Here are the things I obsessed about yesterday after opening my bank’s bill-pay window, did internet research on, wrote emails to friends about, and stared out the window trying to solve:


  • What is the best budgeting app I should be using?
  • Instead of a budgeting app, should I just use the old envelope system my grandparents used?
  • If I use the envelope system, which envelopes should I use: the brightly colored ones that might take the sting out of having budgeted only $37 for eating out during the entire month of April, or the vintage charm of the special brown ones I stock up on every time I go to Ireland that might help me harken back to the simpler, belt-tightening times of yesteryear?
  • Will Z approve of the system I choose? The envelopes?
  • Since I don’t have a regular paycheck rolling in right now, what exactly am I budgeting for?
  • That mildew in the bathroom? Is that deadly?
  • What’s the best way to get rid of mildew?
  • Am I the sort of person who loves the environment so much she won’t use bleach to get rid of mildew or am I the sort of person who would use the most poisonous form of it to make sure the bathroom is 100% sanitized for our protection?
  • Once I decide, am I really going to clean the bathroom?
  • How long can I not clean the bathroom before Z will just do it? He’s so much better at it than I am.
  • Does this make me a bad wife? A bad housekeeper?
  • How much money would I need to earn in order to hire someone to take care of my finances? My mildew?
  • What job should I get that would pay me a lot of money while still allowing me plenty of time to write, so I could afford a financial manager and housekeeper?
  • What about Crimea? Should I know more about it than I do (which is about .02%)? Am I bad a person if I don’t read up on it?
  • That crunching sound my knee has been making ever since I fell three weeks ago, is that normal? Should I see someone? Buy one of those braces? Go to the gym? Take glucosamine?

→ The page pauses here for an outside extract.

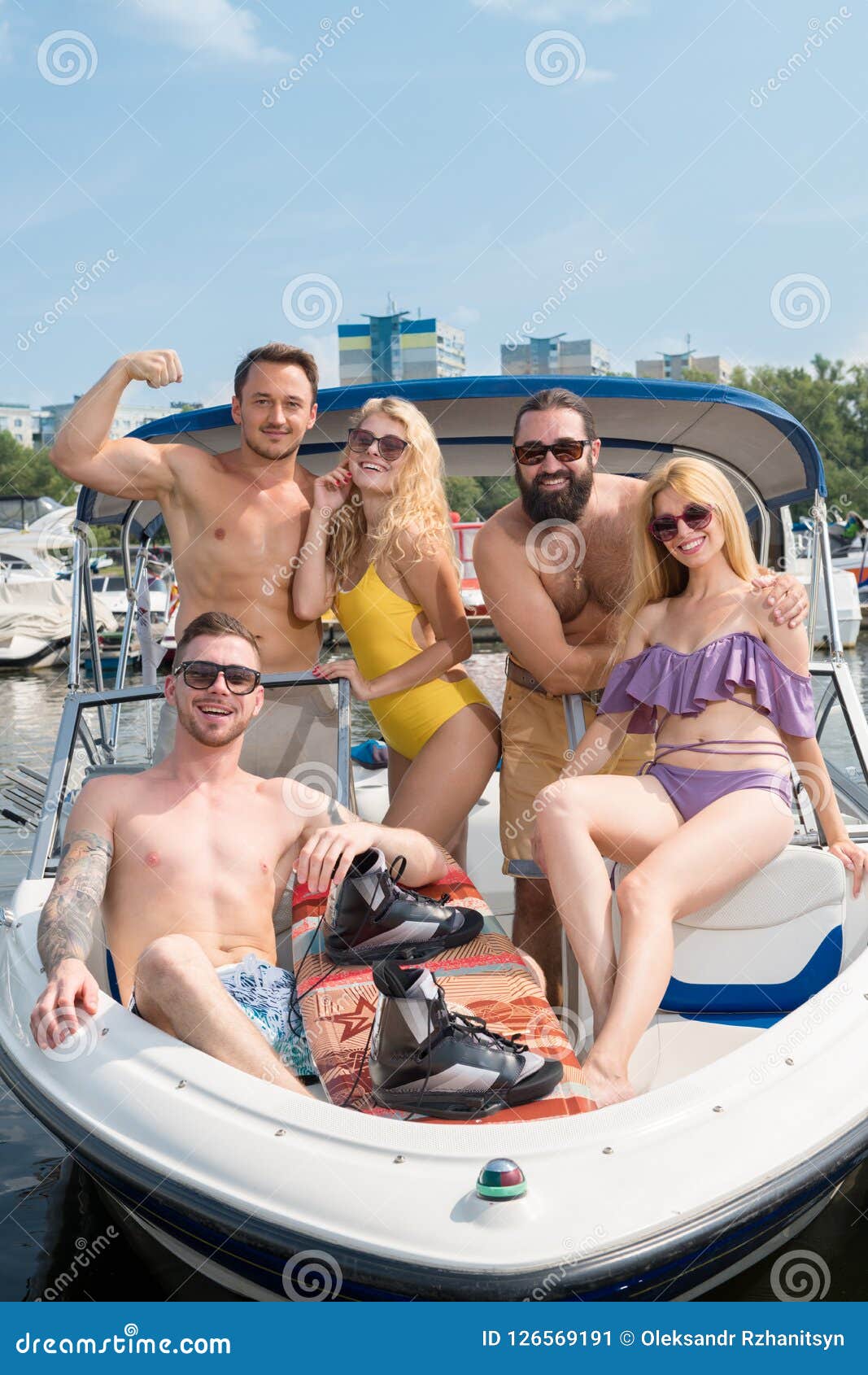 guy with girl on boat linksys hookup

Every day there’s a new spiral to lose myself down, like Alice and her rabbit hole.


I keep thinking I might like to hang out with Thoreau at Walden Pond, unplugged, uncomplicated, just being. But then I remember that I don’t really enjoy the outdoors. Plus, I was a little put off by the idea of Walden Pond when Z and I drove by it two summers ago and there was a big illuminated marquis on the road pointing towards it and flashing “WALDEN POND” as if we were being encouraged to attend a church chili supper. Maybe it was a temporary thing due to summer road construction—I like to think it was anyhow—but the bottom line is, as much as I despise it, I am more a child of electrified signage than I am a child a nature. My idea of spending an afternoon in Thoreau’s old haunt would have been a slow drive-thru with Z in our air-conditioned rental car. Maybe parking under a tree and regarding nature through the windshield, where it’s less likely to make me sneeze. I would have looked at what’s left of it and felt nostalgia for Thoreau’s past and genuine remorse that the natural places on the planet are disappearing at an alarming rate. And then I would have urged Z to drive us back to our hotel where the wi-fi was running quick and strong.


So clearly, persuading Z to live a life of simplicity with me in a tiny cabin in the Pacific Northwest outback (wherever that is—Forks, I think), is not the cure for what ails me.


When we were in Vancouver in January, I fell in love with this weather vane of a man riding a horse backward, reading a book. (I feel certain it is some literary reference I should get, but all Google searches provide me with links on how to ride a horse backward and why I should pedal backward on an elliptical trainer, neither of which seem like a skill I need to develop right now.) The man is so intent on the page, he seems not at all bothered that he is on a horse heading in the wrong direction.


At any rate, this is how I want to write: just doing it, even if I’m lumbering along backward on a half-lame horse whose mildew-encrusted saddle is all I could buy with the money in my “travel expenses” envelope. I want this kind of focus. I want the distractions to be no more bothersome than the fruit flies currently residing in our kitchen, easily swatted and cursed at before we go back to our original activity.